Edit When it does come back up it'll also get any messages that are in federated outboxes as well so your posts will ultimately show up on the host instance, just posted by your alt account
wait so how does this work on a technical level?
say I am part of a community of /c/weirdstuff that's on lemmy.world.
if lemmy world is down how do my comments get to lemmy.world? are they stored on whatever instance I am registered on and then synced to lemmy.world once it's up?
Yes
Ok but how other people will know I replied to a comment or posted if the community on the original server is down?
They'll get it when it eventually comes back up
Ok but the question that arise is:" if the community is duplicated on every server that access it, isn't it a little bit of a waste of computational power and disk space ?"
Expecially considering now Lemmy is pretty small, but in the future you could hopefully have a much larger audience
Well in a way yes but that's how the federation/decentralization works. It's like with email everyone gets a copy and if a message doesn't go through to someone it can be redelivered.
Centralized services are usually more efficient than decentralized but that's not the primary goal of the fediverse
My main concern with this is, if only a handful of centralized social network reached long term stability, and most of them are unprofitable, how can Lemmy (or any other foss fediverse project) completely hold itself on 2 unpaid developers and immense unpaid work from volunteers in the long run.

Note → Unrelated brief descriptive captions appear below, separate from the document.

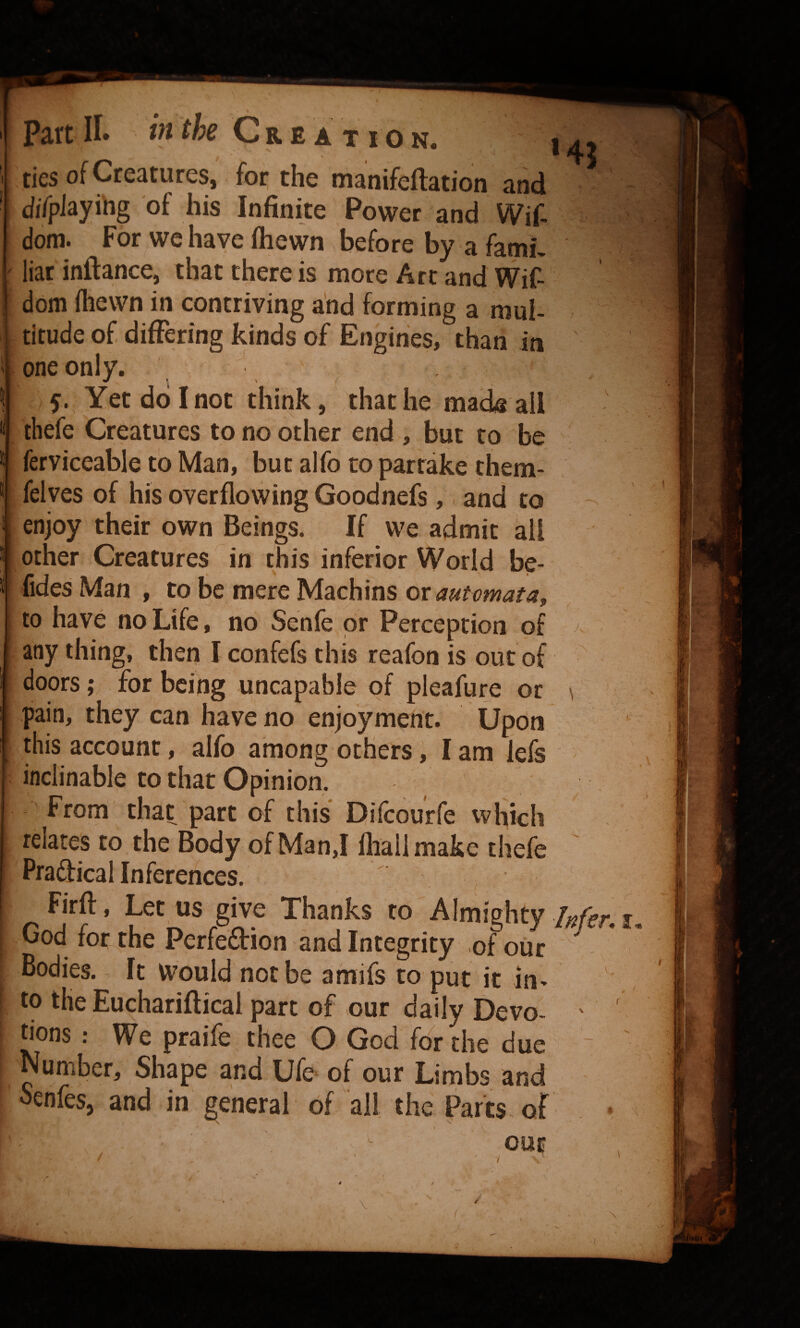10 N. 1 1! ties of Creatures, foi* the wisnifeftEtion and diTpiayihg of his Infinite Power and Wif- dom. For we have ftiewn before by a fami, liar inftance, that there is more Art and Wif- dom fhewn in contriving and forming a mul- . titude of differing kinds of Engines, than in one only. , ^ 5., Yet do I not think, that he made all thefe Creatures to no other end , but to be ferviceable to Man, but alfo to partake them- felves of his overflowing Goodnefs ,. and to enjoy their own Beings. If we admit all other Creatures in this inferior World be- fides Man , to be mere Machins ox automata^ to have no Life, no Senfe or Perception of > any thing, then I confefs this reafon is out of ' doors; for being uncapable of pleafure or ^ pain, they can have no enjoyment. Upon this account, alfo among others, I am iefs inclinable to that Opinion. From that part of this Difeourfe which relates to the Body of Man,I fliallmake thefe Pradical Inferences. Firff, Let us give Thanks to Almighty A- God for the Perfedion and Integrity of our ' Bodies. It would not be amifs to put it in> to the Euchariftical part of our daily Devo¬ tions : We praife thee O God for the due Number, Shape and Ufe of our Limbs and oenfes, and in general of all the Parts, of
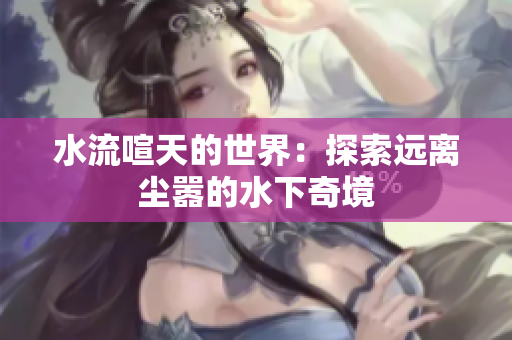 水流喧天的世界：探索遠(yuǎn)離塵囂的水下奇境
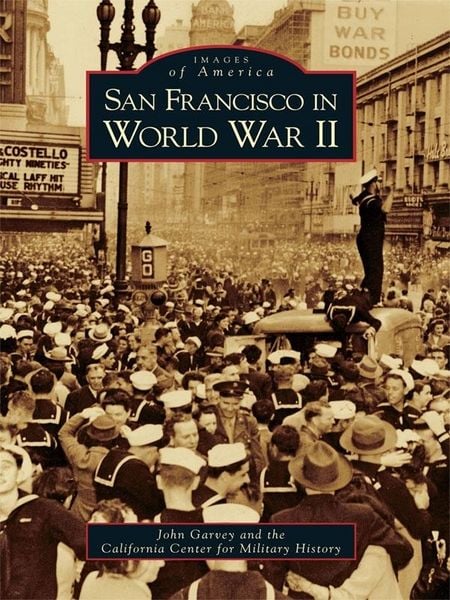 Produktbild: San Francisco in World War II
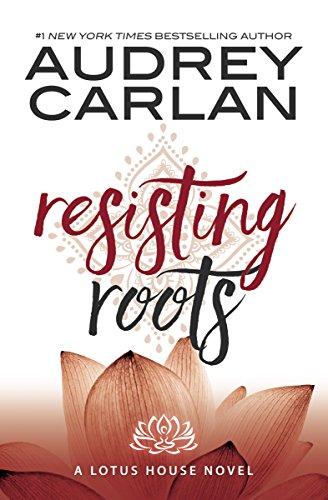 Resisting Roots (Lotus House, Band 1)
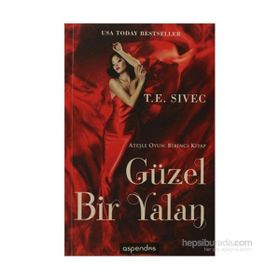 GÜZEL BIR YALAN - T.E. SIVEC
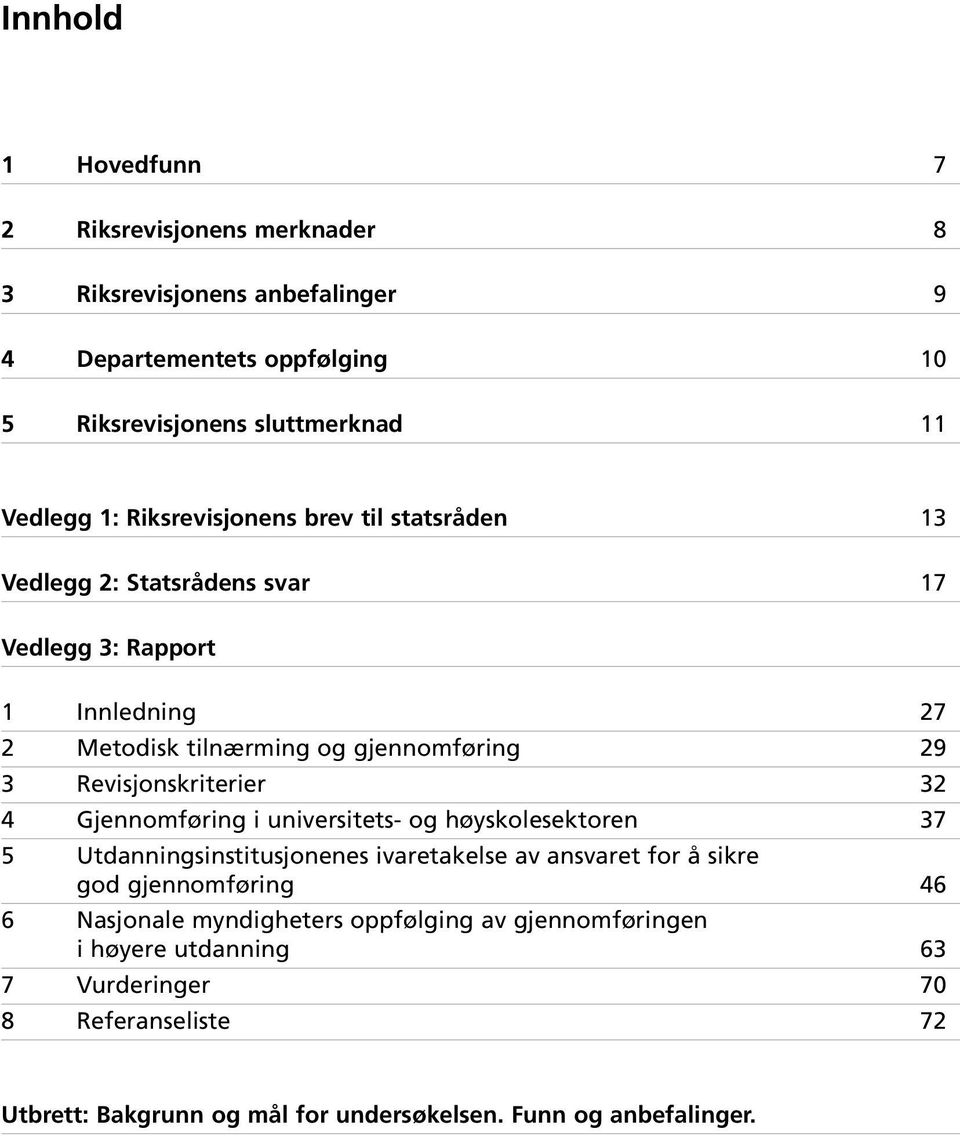 Revisjonskriterier 32 4 Gjennomføring i universitets- og høyskolesektoren 37 5 Utdanningsinstitusjonenes ivaretakelse av ansvaret for å sikre god gjennomføring 46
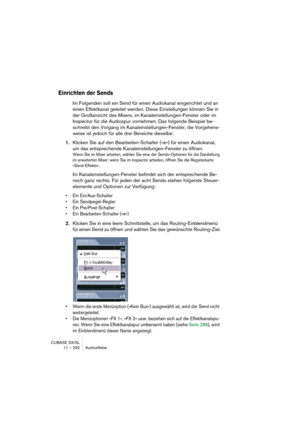 Page 292CUBASE SX/SL
11 – 292 Audioeffekte
Einrichten der Sends
Im Folgenden soll ein Send für einen Audiokanal eingerichtet und an 
einen Effektkanal geleitet werden. Diese Einstellungen können Sie in 
der Großansicht des Mixers, im Kanaleinstellungen-Fenster oder im 
Inspector für die Audiospur vornehmen. Das folgende Beispiel be-
schreibt den Vorgang im Kanaleinstellungen-Fenster, die Vorgehens-
weise ist jedoch für alle drei Bereiche dieselbe:
1.Klicken Sie auf den Bearbeiten-Schalter (»e«) für einen...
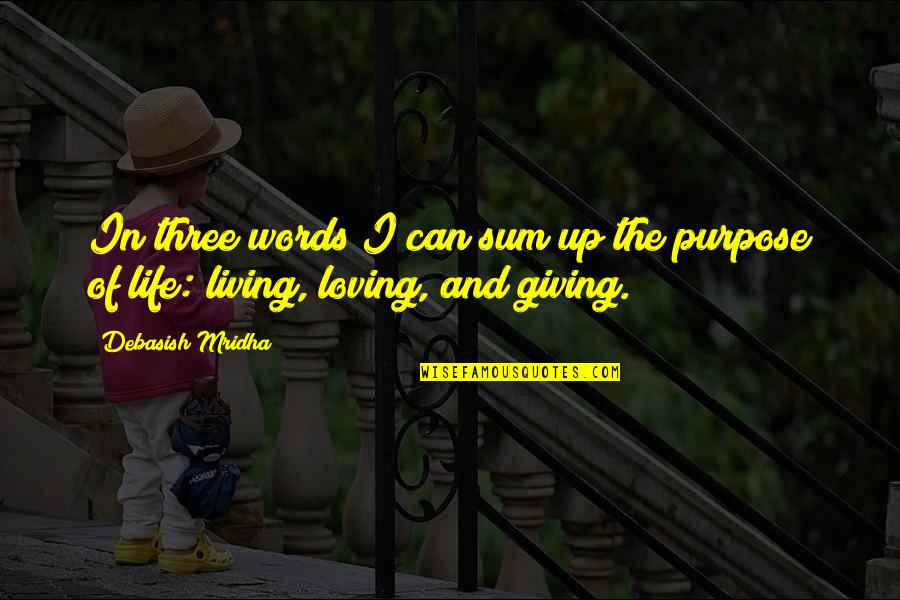 Living And Giving Quotes By Debasish Mridha: In three words I can sum up the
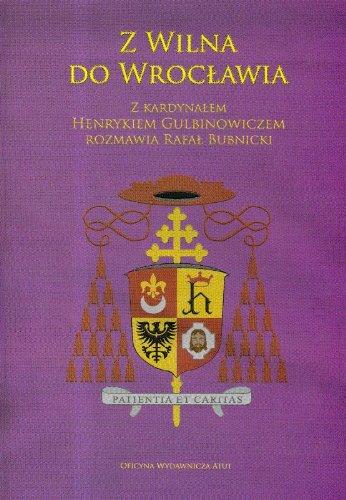 Z Wilna do Wrocławia: Z kardynałem Henrykiem Gulbinowiczem rozmawia Rafał Bubnicki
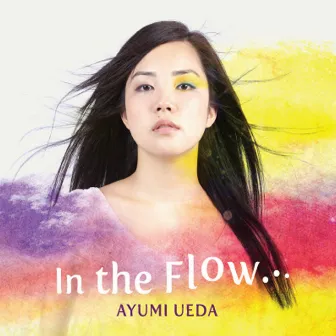 In the Flow... by Ayumi Ueda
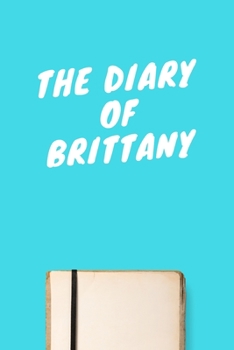 Paperback The Diary Of Brittany: Lined Notebook / Journal Gift, 120 Pages, 6x9, Soft Cover, Matte Finish Book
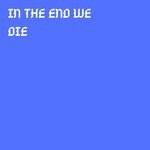 cover: X Kidz - In The End We Die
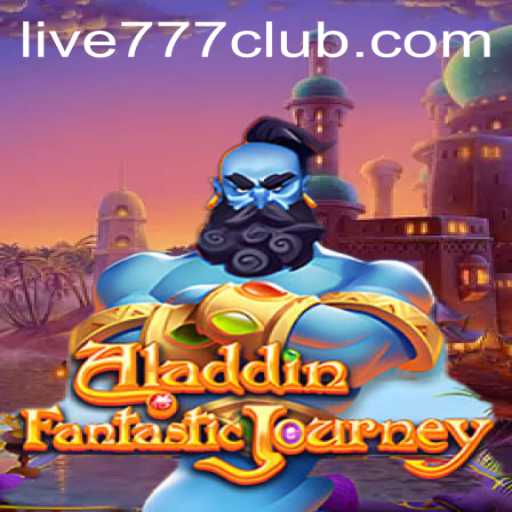 Exploring the Magic of Aladdin: A Journey through LIVE777 CLUB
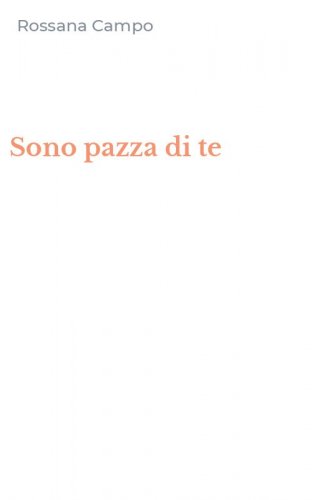 Sono pazza di te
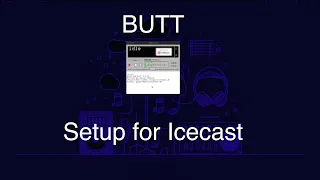 Setup BUTT for Icecast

Because ok, Lemmy.world is looking for experienced sysadmin and that post already had a little backslash, but this isn't sustainable long term, it's impossibile to keep scaling like that.
And I feel that's one of the biggest reasons holding back the fediverse
From the 2 developers and The volunteers... The same can be asked about a lot of foss software. Typically what stabilizes foss development though is when developers start getting paid to contribute to the project by a company they work for, however lots of foss software has made it purely through donations (easiest example being mediawiki and wikipedia)
Web hosting is definitely the harder question. In the grand scheme of things, lemmy instances and other fediverse tech will likely end up being pseudo-centralized with a handful of companies like email. Lemmy is very resource intensive as you guessed. The good news is that a very large amount of that resource consumption is storage, and storage is cheap. Though I know I've seen tehdude, the owner of the sh.itjust.works instance, another very stable one, comment on how CPU, networking and memory intensive a busy instance can get. A lot of the early 500s instances were seeing were definitely caused by resource constraints.
Not sure if other instances can communicate between them to get updated before the original server is up again and everything gets updated.